5. Praktische Empfehlungen
- **Sichere Nutzung in fast allen städtischen Industrieländern im Jahr 2026 angeschlossen. Beim Trampen international kodifizierte Nutzung.
- Niemals zu tun: Unüberlegte Verwendung in Gegenwart eines Iraks, Iraner oder Afghanen der Pre-Internet-Generation (~50+). Bestehen Sie nicht darauf auch nicht im ländlichen Griechenland und Süditalien gegenüber einer älteren Generation.
- Alternativen: Offene Hand mit der Handfläche nach oben, Nicken vertikales Nicken (Achtung Bulgarien - siehe e0494), mündliche Bestätigung.
- Vorsicht im Kontext: In einem internationalen Gruppenfoto ist es wichtig, dass Sie sich nicht zu sehr in die Karten schauen lassen gemischten Gruppe eine neutrale Geste bevorzugen (Lächeln, Grüßen mit offener Hand).
Dokumentierte Vorfälle
- — Manuels culturels militaires US incluent le pouce levé dans la liste des gestes à éviter. Remontées anecdotiques d'incidents civils, à sourcer précisément en Phase 3.
- — Lancement du bouton « Like » en février 2009. Transformation silencieuse globale de la signification du pouce levé en moins d'une décennie — probable renversement du signe obscène historique dans les générations connectées.

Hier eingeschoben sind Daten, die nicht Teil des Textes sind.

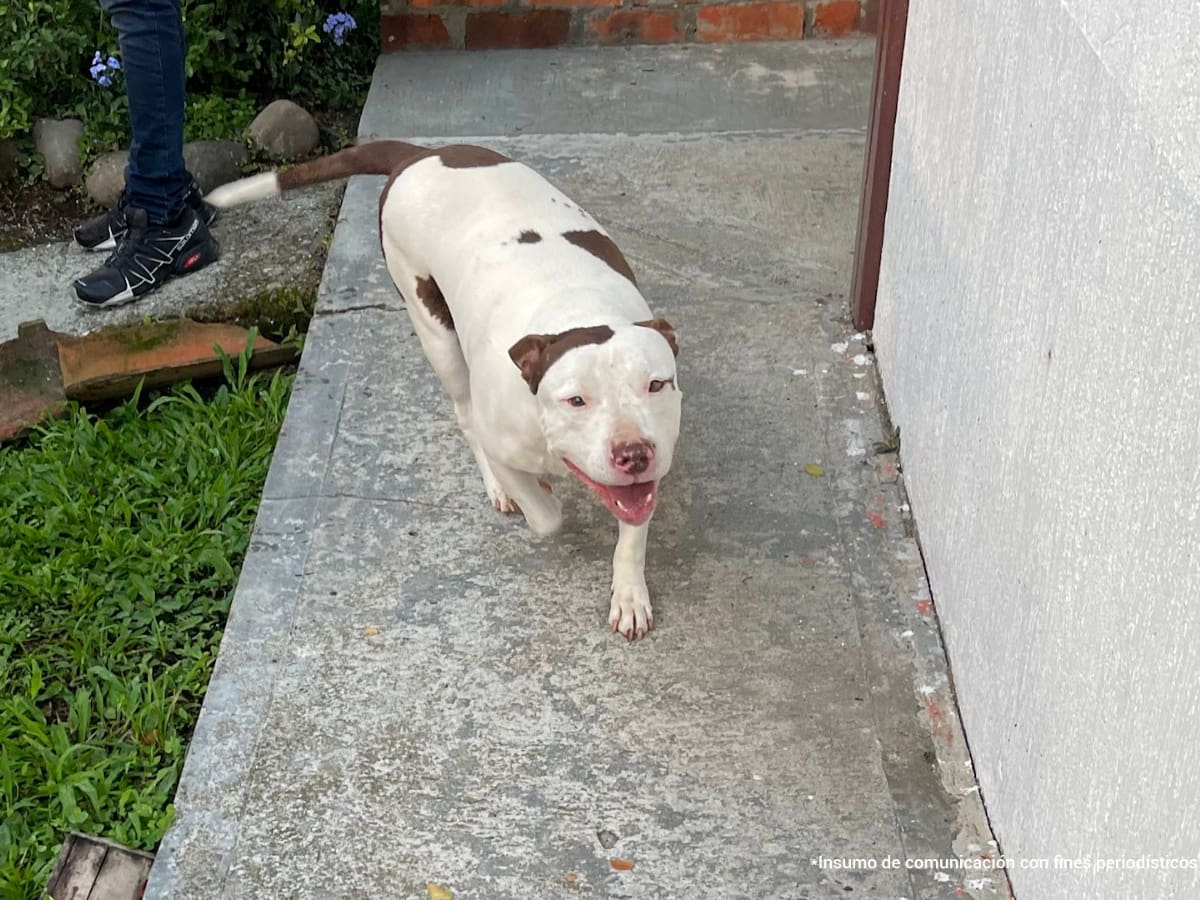 Animalistas del Quindío destacan condena contra hombre que realizó actos sexuales a un perro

- — Publication du tableau Pollice Verso, installant dans l'imaginaire mondial le geste pouce-baissé = arrêt de mort au Colisée. Association probablement erronée — les Romains utilisaient probablement un autre geste.
Praktische Empfehlungen
Zu tun
- Usage sûr en contexte connecté urbain mondialisé. En Allemagne, pour compter « un ». En auto-stop, international.
Zu vermeiden
- Prudence devant générations pré-internet en Irak, Iran, Afghanistan, Afrique de l'Ouest rurale, Grèce et Italie du Sud traditionnelles. Ne jamais forcer si l'interlocuteur ne réagit pas comme attendu.
Neutrale Alternativen
- Offene Hand, Handfläche nach oben, Finger entspannt.
- Vertikales Nicken des Kopfes (Achtung Bulgarien, siehe e0494).

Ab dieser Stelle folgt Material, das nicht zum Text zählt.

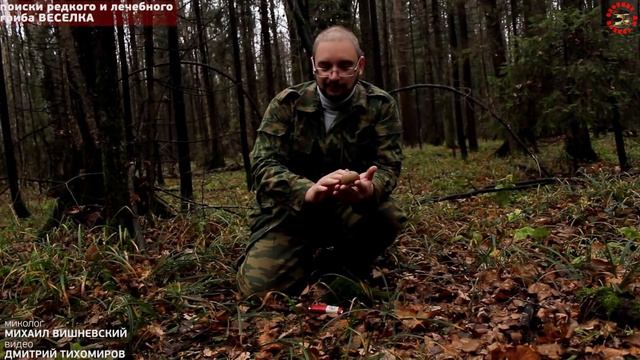 редкий гриб ВЕСЕЛКА - поиск под Москвой! www.grib.tv смотреть онлайн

- Explizite mündliche Bestätigung.
- Offenes Lächeln als nicht-gestisches Signal der Bestätigung.
Quellen
- Morris, D., Collett, P., Marsh, P., & O'Shaughnessy, M. (1979). Gestures: Their Origins and Distribution. Stein & Day / Jonathan Cape.
- Axtell, R. E. (1998). Gestures: The Do's and Taboos of Body Language Around the World (revised edition). John Wiley & Sons.
- Corbeill, A. (2004). Nature Embodied: Gesture in Ancient Rome. Princeton University Press.